CiSRA Puzzle Competition 2013 - Solutions
2D. Look, Ma!
Many aspects of the puzzle - the twelve dots, the Roman numeral XI, the circles with 0°, 30°, 60°, and 90° angle lines - hint at the puzzle involving clocks somehow. The puzzle title evokes the famous phrase "Look, Ma! No hands!". So treating the puzzle as a clock missing its hands is a good assumption.
But what do the sun and moon dots mean? The moon dot marked XI is interesting. If you mark clock times around the two circles, the XI dot is directly above 11 on the smaller circle, and the distance above that point is exactly the distance of one radius of the larger circle. Equivalently, you can picture it as the missing hour hand going from the centre dot to the 11 o'clock position on the small circle, and the minute hand going from the 11 to the XI (instead of its usual position from the centre of the circle to the 12 o'clock position on the outer circle).
The dots, in other words, represent clock times by the position of the end of the minute hand as if the minute hand were attached to the end of the hour hand, rather than to the centre of the clock.
But wait! Imagine a parallelogram using two different pairs of hour and minute hands, joining the centre dot and a sun or moon dot. There are two possible clock hand positions for each dot! However, both of these positions do not necessarily represent valid times. For example, if the minute hand is pointing due north, the hour hand must be pointing in the direction of one of the twelve hour markings.

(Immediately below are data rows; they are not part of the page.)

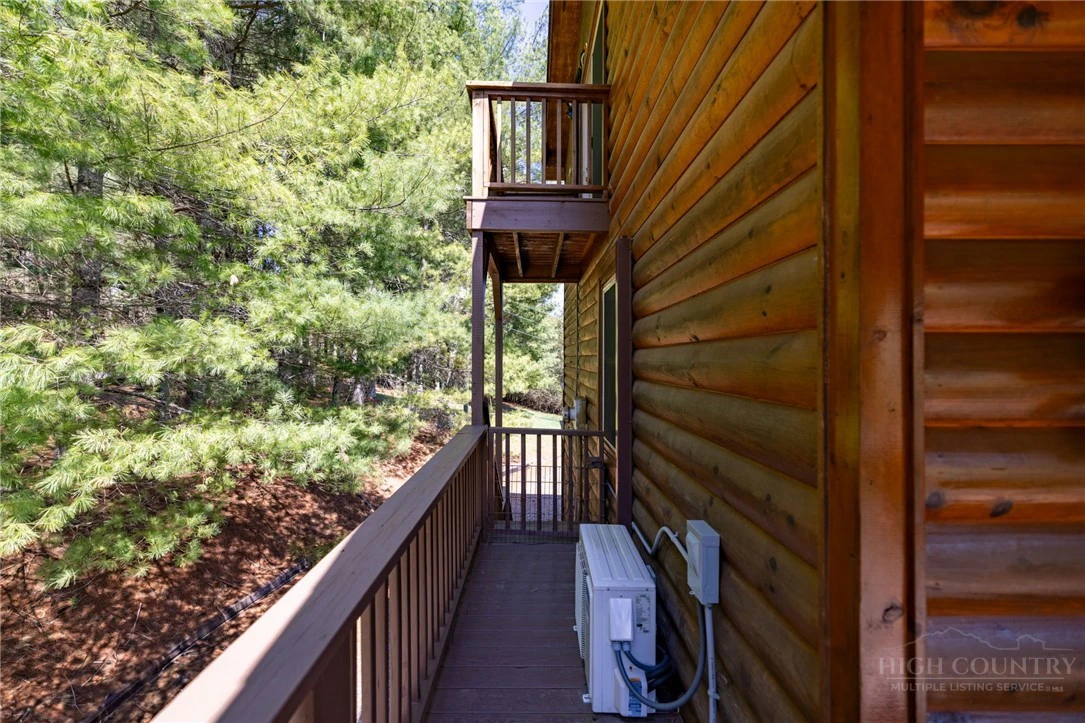 Image number 13 for the current listing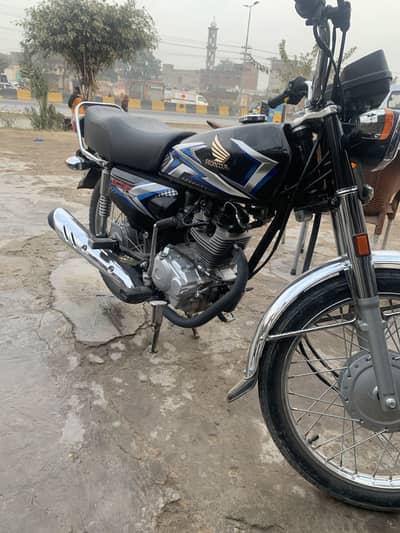 cd 125  demand 225000 moky py kami peshi hu jy gi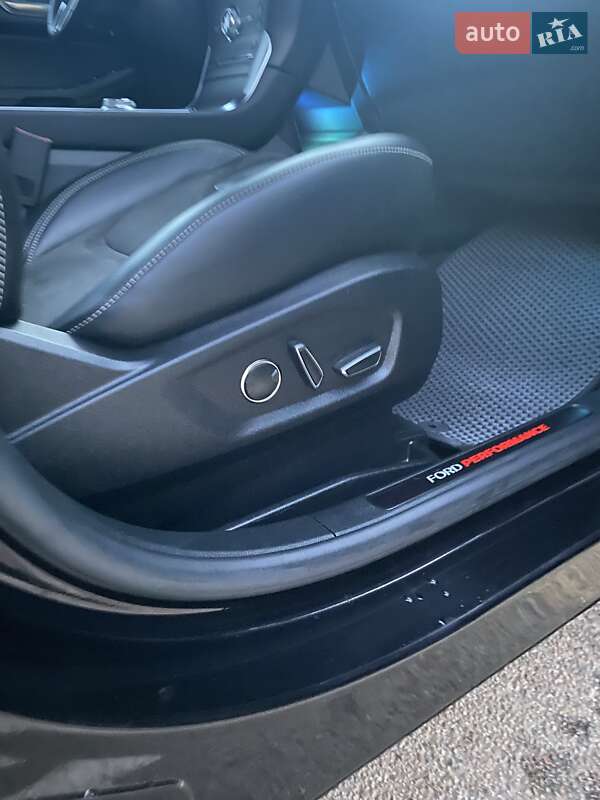 Позашляховик / Кросовер Ford Edge 2018 в Львові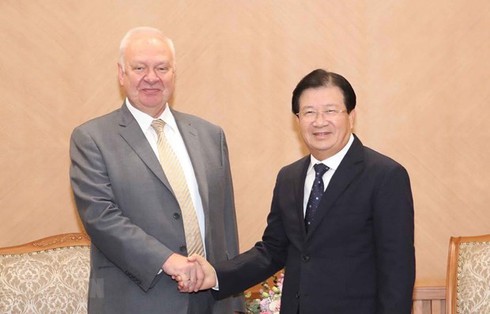 vietnam facilitates trade with russian firms deputy pm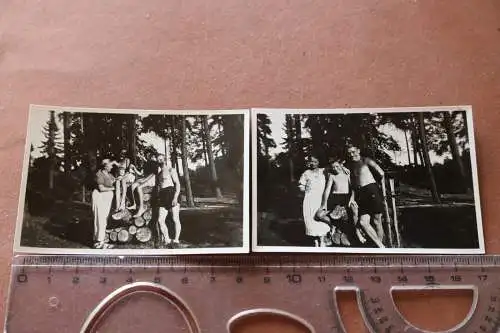 Zwei tolle alte Fotos -Familie im Sommer - Badehosen - 1937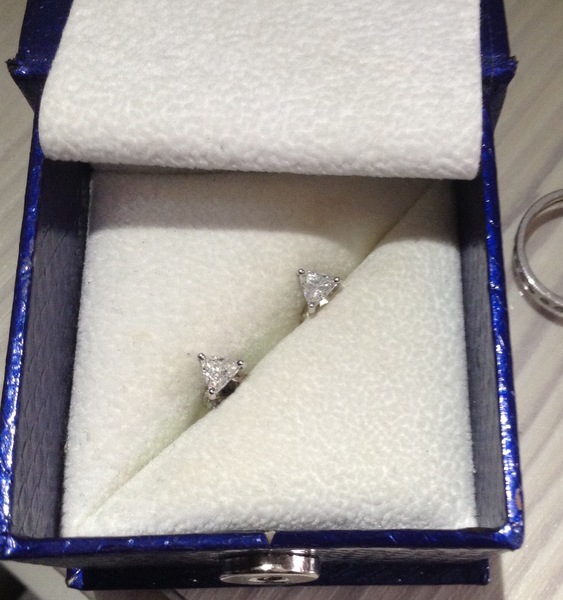 Pear cut engagement ring - old fashioned?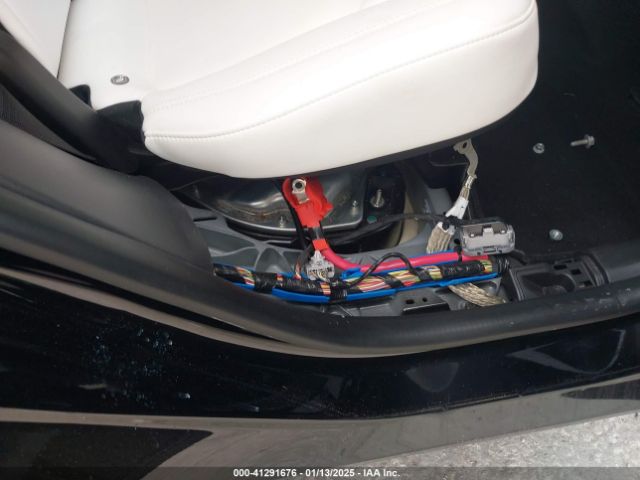 5YJYGDED8MF123246 Tesla Model Y Standard Range Rear-wheel Drive
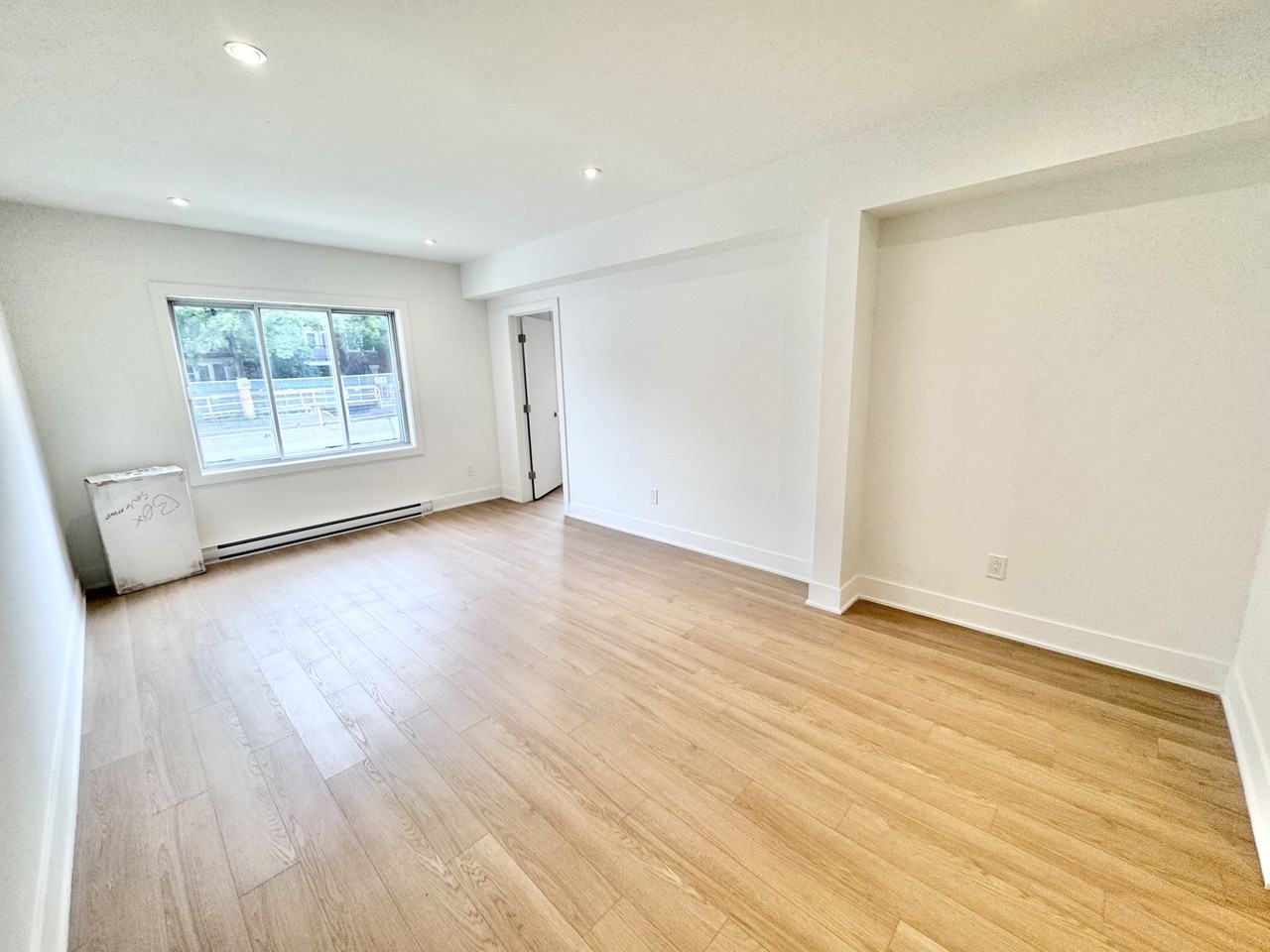 2645 Boulevard Pie-IX #1 - Photo 4 of 10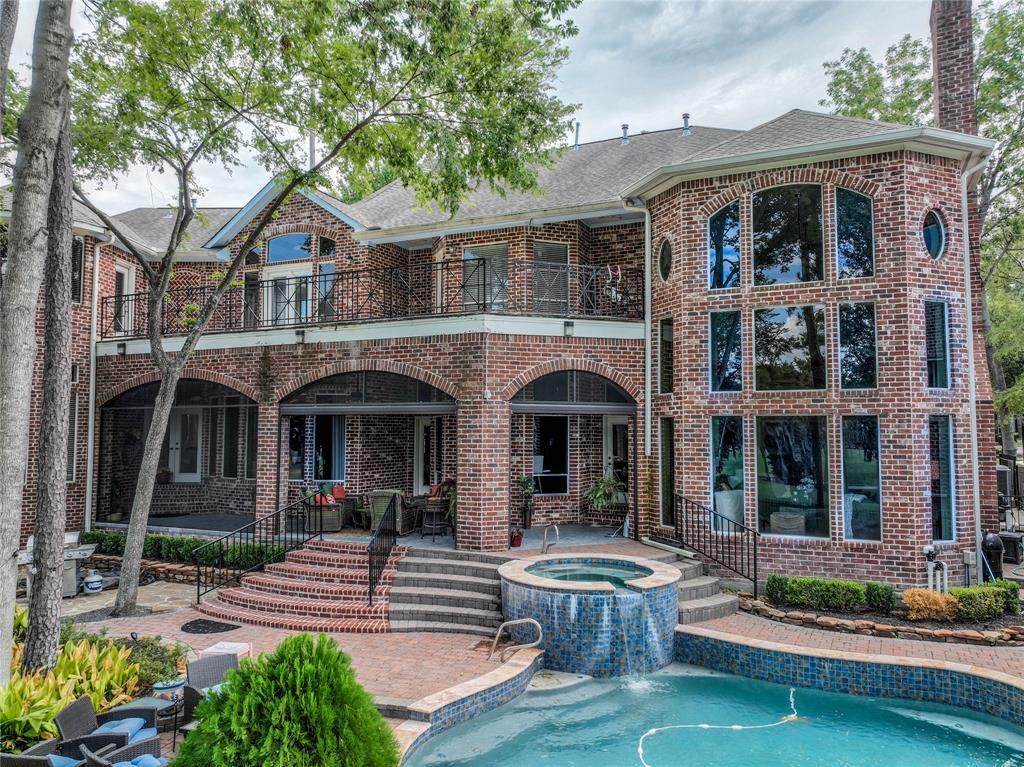 83 Promenade Street - Photo 1
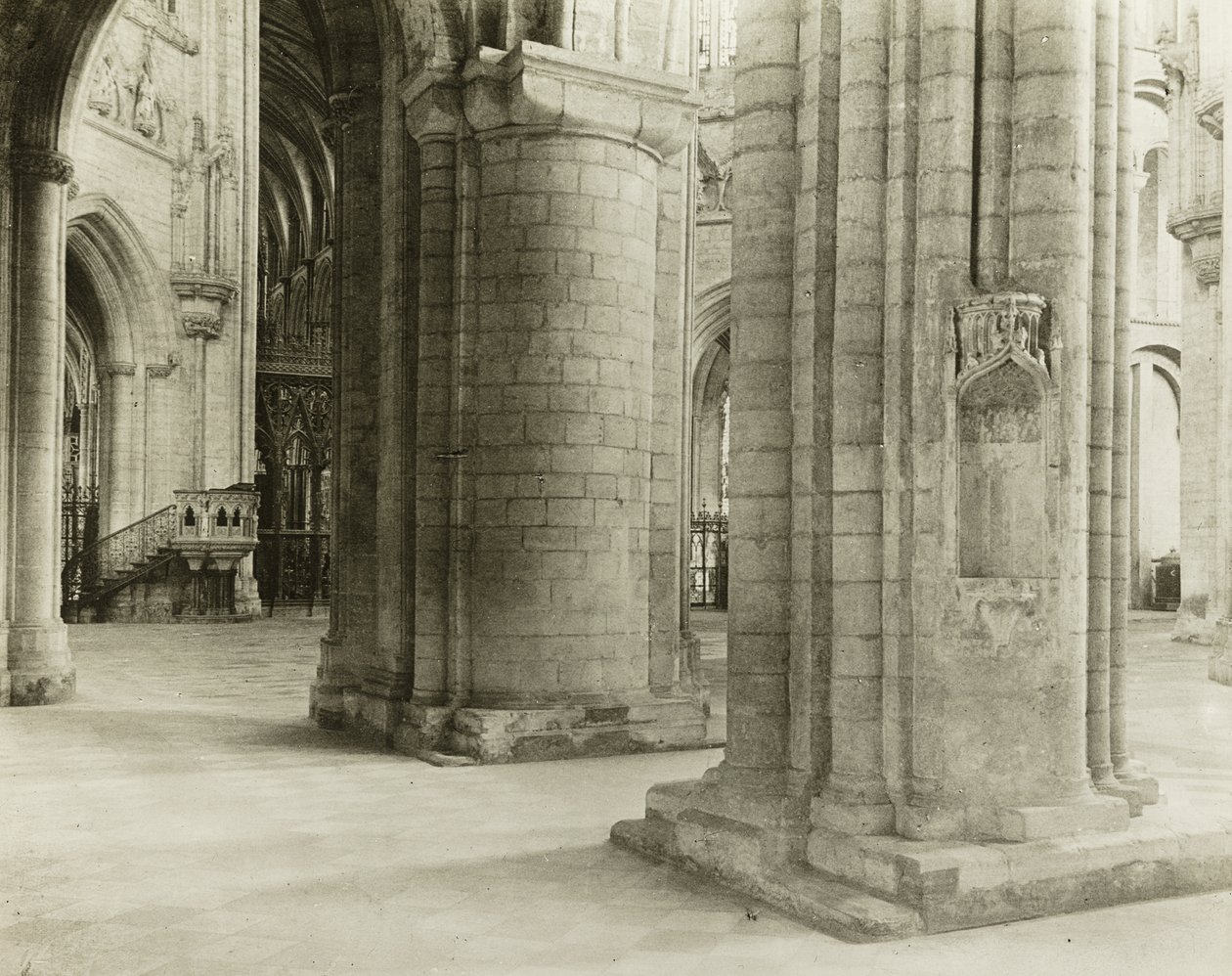 Katedrála Ely: Octagon to Choir od North Nave Aisle od Frederick Henry Evans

It requires some precision work (we recommend printing out the puzzle fairly large), but it's possible to work out the representative time for each dot, shown graphically below. Each red dot shows the position of the hour hand, and the attached red line shows the direction of the minute hand, connecting the red dot and a sun/moon dot. To see the corresponding time, imagine the red line moved parallel to itself so that it begins at the centre of the circle.
Listing the times associated with each dot from top to bottom, the times are:
 | 11:00 |
| 1:05 |
 | 2:55 or 9:05 (ambiguous) |
| 1:50 |
| 9:10 (also close to 5:05) |
| 1:45 (also close to 9:55 |
| 8:15 |
| 3:40 |
| 2:35 (also close to 9:25) |
| 3:25 |
| 6:20 |
| 6:30 |
It may become apparent while solving that the minute parts of all the times are at five minute intervals. Compellingly, all twelve such intervals within the hour (:00, :05, etc) are represented, if the ambiguous time is correctly interpreted as 2:55, rather than 9:05. This fact also suggests sorting the times according to minute order.
The meaning of the suns and moons remains to be deduced. Logically, the sun is daytime and the moon is nighttime. This indicates that we should care about the difference between AM and PM, suggesting we should be using 24 hour time. The times can be assigned assuming an idealised evenly divided day, with a sunrise at 6:00am and a sunset at 6:00pm. Listing the 24 hour times sorted by minute order as indicated above, and converting the hour numbers to letters, gives the following:
| 12-hr | 24-hr | ||
|---|---|---|---|
| 11:00 | 23:00 | W |
| 1:05 | 01:05 | A |
| 9:10 | 09:10 | I |
| 8:15 | 20:15 | T |
| 6:20 | 06:20 | F |
| 3:25 | 15:25 | O |
| 6:30 | 18:30 | R |
| 2:35 | 14:35 | N |
| 3:40 | 15:40 | O |
| 1:45 | 13:45 | M |
| 1:50 | 01:50 | A |
| 2:55 | 14:55 | N |
The given phrase WAIT FOR NO MAN is part of the aphorism TIME AND TIDE WAIT FOR NO MAN.
The answer, as hinted by the presence of the sun (time) and moon (tide) is TIME AND TIDE.
Puzzle design notes:
There is also an aphorism "time waits for no man", but the explicit spelling of the phrase "wait for no man" without the "s" excludes the word TIME by itself as a valid answer.
For those curious about the possible positions of the sun/moon dots, here is a plot showing the locus of the points defined by the vector sum of the hour and minute hands, through a full 12 hour cycle, with the puzzle dot positions marked on the locus.
The 2:55 sun dot is at the intersection of two sweeps of the locus, showing its ambiguity with the time 9:05. Most of the other dots are well separated from any ambiguities, but the 9:10, 1:45, and 2:35 dots can be seen to be quite close to intersection points. Doing the construction carefully will resolve any ambiguity for these points (as should the observation that the minute parts of the times are evenly spaced at five minute intervals).